Throw the red stenciled title in at an angle and pushed off-center and you find perfect balance with the text at the top left to slingshot your way around the page. It’s a great example of polished non-polish. You can assume it was all manufactured in post and yet the illusion is too good not to wonder if it might be real.

Frost Foundry skews the opposite direction with Rodeo (limited, March 17). The illustrative nature of its black and orange graphics atop a buff page is the point. This is meant to look mass-produced—a two-plate press job feeding out copy after copy like a concert flier advertising a motorcycle show with all the excitement and intrigue of a western rodeo.

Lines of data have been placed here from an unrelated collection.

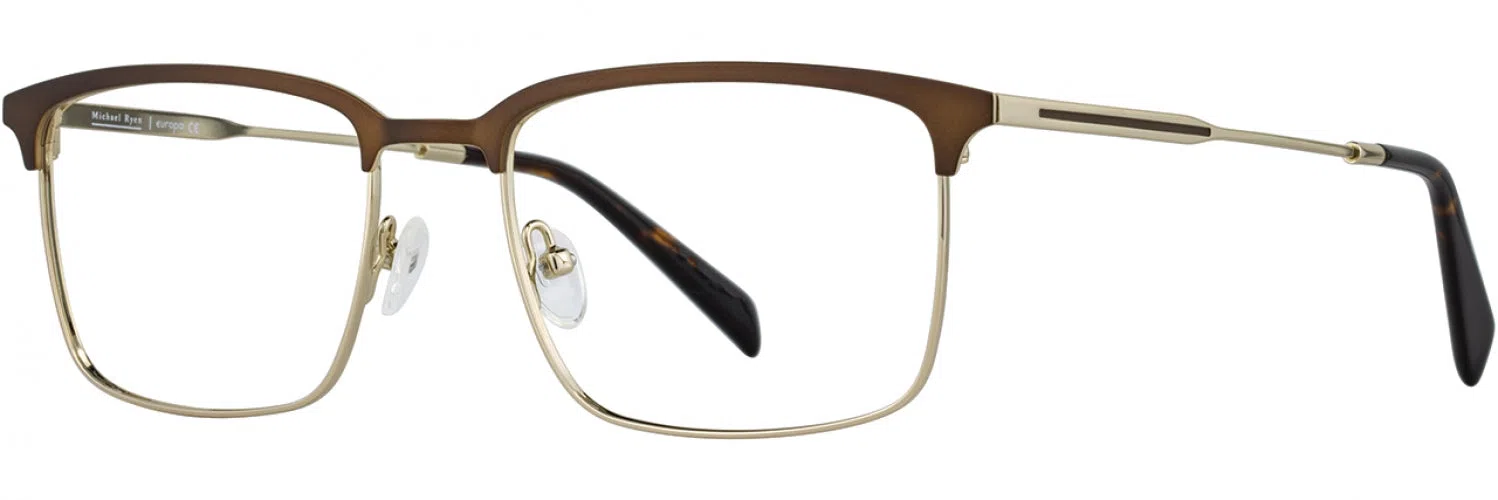 Michael Ryen MR374 Eyeglasses - view 12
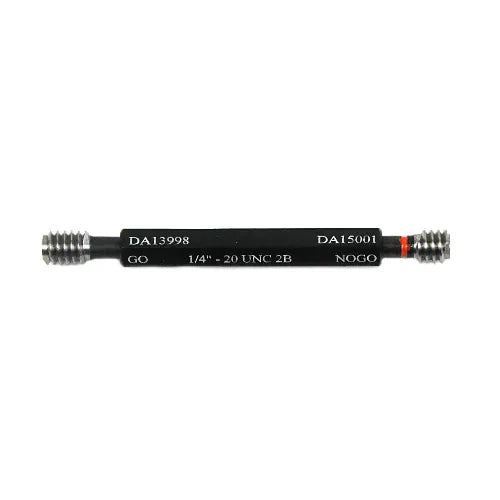 INSIZE Measuring Equipment Insize Thread Plug Gage 1/4-20 UNC Class 2B Series 4643-1B1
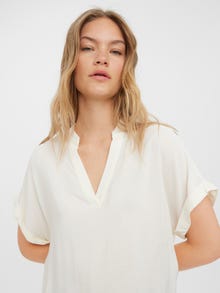 Vero Moda VMTIPI Top -Snow White - 10266349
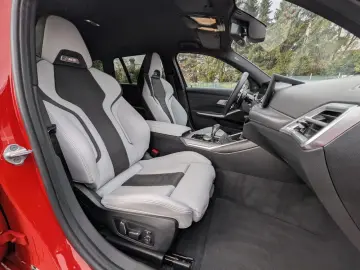 BMW M3 Compet.xDrive T.Compound HUD Bi-Color 19 20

The back wheel tricks are rendered in succession for a nice focal point of deep black sleekness, but it’s those distressed tire tracks that grab my attention every time. An overhead view of where those three riders have just left, the after to their before cutting through the page before hitting the title and continuing past. It’s like a film strip moving at breakneck speed, flickering over and over with that one frame of angular, bisected letters coming into focus.

Yet it’s the dissolution of focus in this Japanese poster for The Five Devils (limited, March 24) that has so enraptured me this month. It uses the same still of Adèle Exarchopoulos that every iteration in multiple languages does, but it refuses to just slap the title in the blackness beyond the fire. It blows it up instead, filling the page from left to right with its Japanese characters expertly aligned in the white spaces left by the structure of those three giant, lost words.

And as the fire rages behind them, the white letters gradually fade away to fly like dandelion seeds. A delicate contrast to the violent flames and yet just as complex in its existence at the edge between destruction and rebirth.